Freshman Ellis Jefferson, wide receiver
No one was talking about Ellis Jefferson when camp opened. All the attention was on junior college receivers Jaelen Strong and Joe Morris. Now, Jefferson is the talk of camp on the offensive side.
The 6-foot-4 Denton, Texas, native doesn’t look like a freshman. He’s big, physical and strong. And he’s grasping ASU’s offensive system quickly.
“He’s been the standout so far,” Graham said. “Just really sharp routes, he’s very smart. He’s picked up the system very quickly. We knew he was a good player, but he’s really, really shined.”
That was just one of the times Graham has mentioned Jefferson through the first week of camp. Graham also singled Jefferson out to meet legendary ASU coach Frank Kush after a recent practice.
Junior Antonio Longino, linebacker
Longino is exactly the kind of explosive hard-hitter Graham and his coaches are looking for in their defense. He even got chastised once in the first week for going too hard at a key offensive player.
Coaches took a few days to figure out where Longino fits best, and he’s now competing at Will linebacker, where Chris Young is the likely starter. If Longino comes on really strong through camp, Young could move back to Spur to open a starting position for Longino.
Longino was the only player taking notes on the sidelines of ASU’s first veterans only practice, and his desire to contribute right away is easy to see.
“I feel real confident I’m going to be a big part of the defense,” Longino said. “I came here trying to make an impact.”
Freshman Cameron Smith, wide receiver
Smith impressed greatly in newcomer practices but has cooled off a bit since. Still, the 6-foot Coppell, Texas, native may be the fastest player on the team, and coaches have been impressed.
Smith is a polished player for a freshman, having made very few mistakes through one week. He’s not getting carried away, however.
“I don’t think I’ve done enough actually, but I’m just trying to stay focused so I can improve on what I need to and become more balanced as a receiver,” Smith said. “I need to know the plays automatically, not thinking too much when I get to the line so it can be second nature.”

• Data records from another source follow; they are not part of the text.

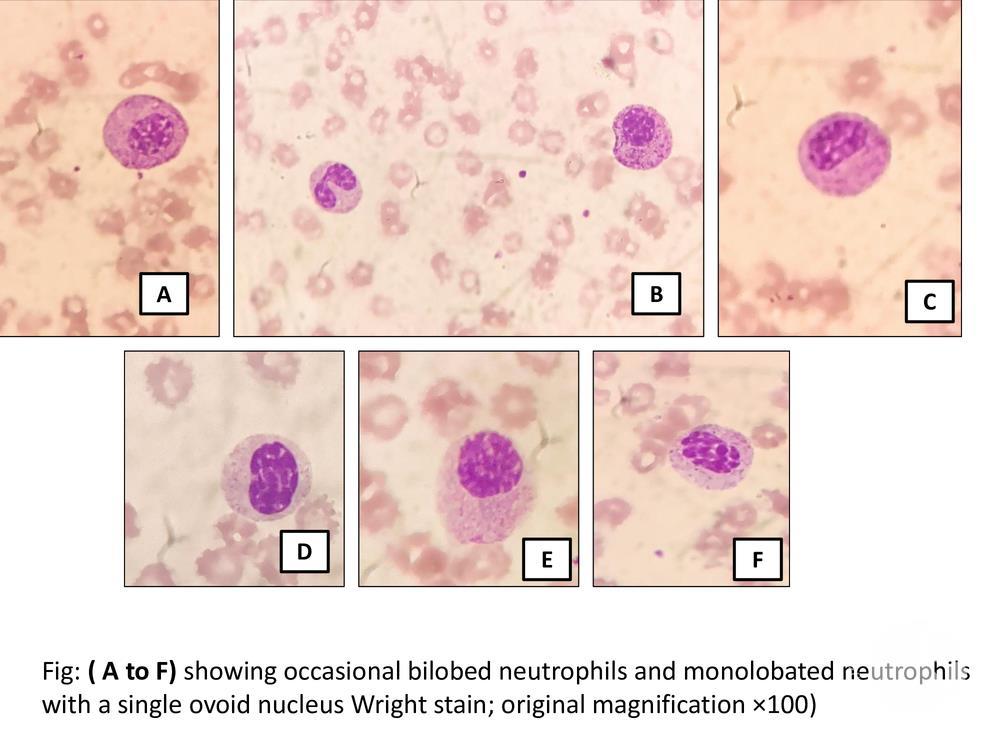 Pseudo-Pelger-Huet anomaly occurring with the use of mycophenolate mofetil and ganciclovir following renal transplantation.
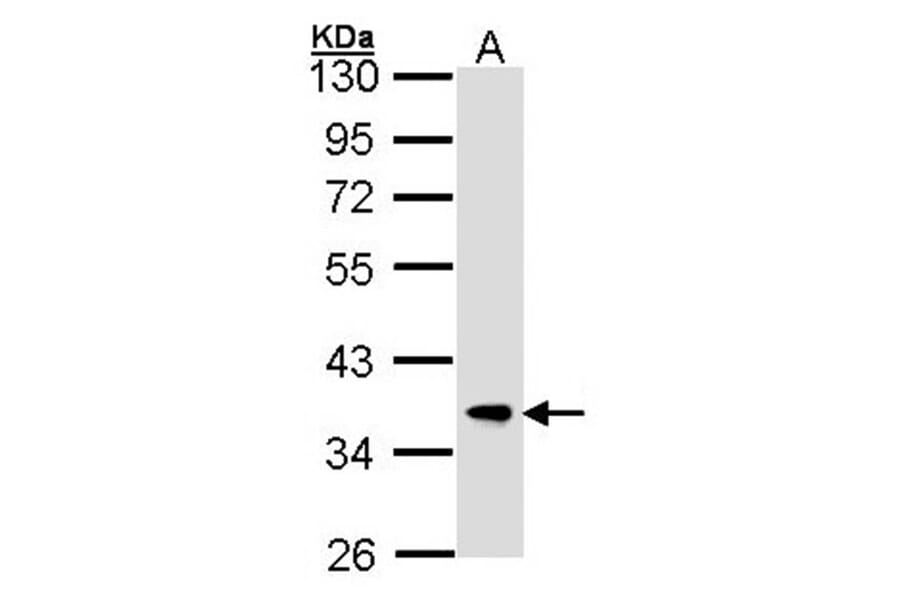FBXL12 antibody from Signalway Antibody (22707) - Antibodies.com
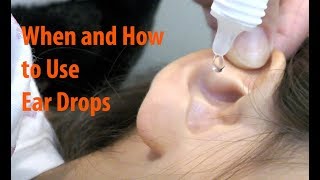 Antibiotic Ear Drops  When and How to Use Ear Drops Properly [upl. by Kaasi]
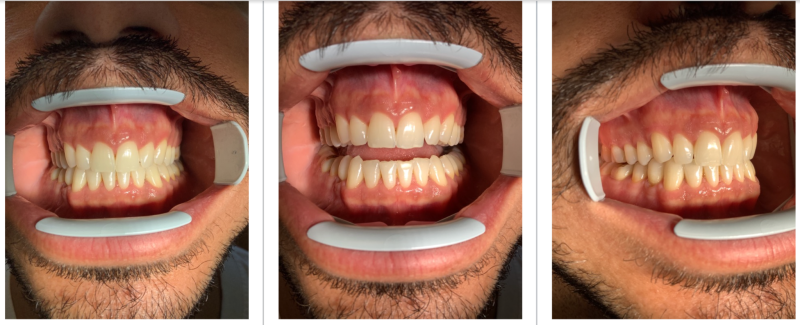Étude de cas clinique : photo de la dentition du patient après son traitement par aligneurs dentaires (homme 33 ans, traitement 8 mois)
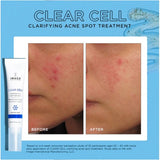 Image Skincare Skin Treatment Image Clear Cell Clarifying Salicylic Blemish Gel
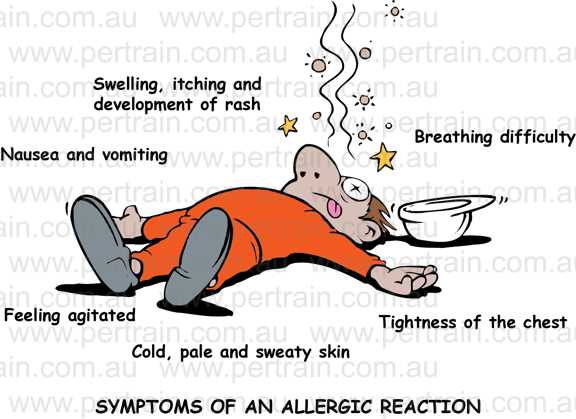 Symptoms of an allergic reaction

Junior Jaelen Strong, wide receiver
Strong was by far the most anticipated newcomer of 2013. A tall receiver at 6-foot-4, he has the potential to be ASU’s No. 1 receiver. Missing the first three days of practice awaiting academic clearance and not wearing pads for the next two seemingly did nothing to change that perception.
“He has come on quick,” receivers coach DelVaughn Alexander said. “He’s really smart and really focused. He has a lot of natural instincts when it comes to the game. It’s just a matter of him getting used to what we do and how we do it.”

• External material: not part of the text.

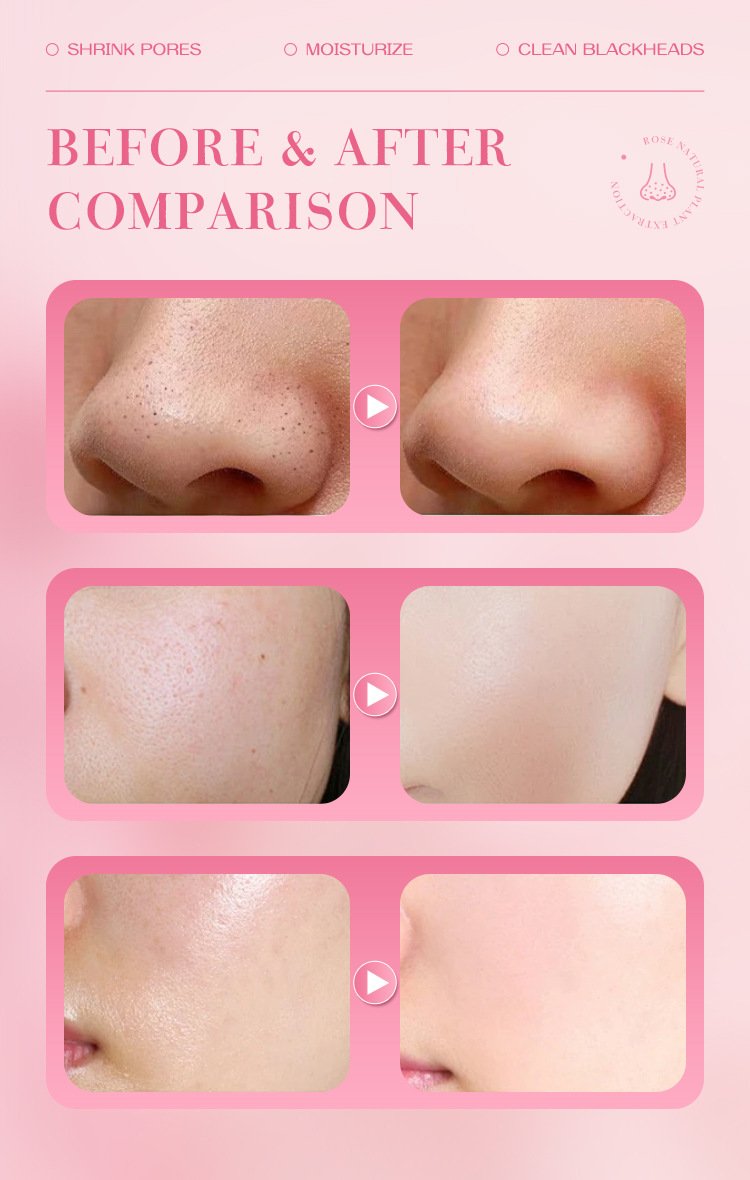 详情-10 Mooyam Rose Exfoliating Gel - Image 11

Strong has the athleticism to be a No. 1 receiver. But he has intangibles as well. Those instincts Alexander spoke of showed in Monday’s scrimmage when a defensive back deflected a pass behind Strong, who turned his head around and caught the ball as it came down behind him for a big gain. Others
— Freshmen Zane Gonzalez and Matt Haack are likely to handle kicking and punting duties.
— Freshman safety James Johnson has worked his way into the competition at field safety. Graham has praised his communication skills. It’s a competition ASU wants to settle quickly, though, and others are currently leading.
— Freshman linebacker Viliami Latu has drawn Graham’s praise a few times already. He has a solid chance to earn a backup job.
— Junior wide receiver Joe Morris, a teammate of Strong’s at Pierce, is expected to compete for a starting job but has been limited by a foot injury. He should move onto the radar in a week or so, but the competition is heating up.
— Junior tight end De’Marieya Nelson, from San Joaquin Delta College, might be the ideal player for ASU’s H-back position. Coaches love his explosiveness and wide-ranging skill set. He could contribute this year but in a somewhat limited role.
— Safety Damarious Randall comes highly touted from Mesa Community College. The belief is he may end up winning the field safety job, but he hasn’t practice yet due to a groin strain. He’ll be worth watching as camp rolls on.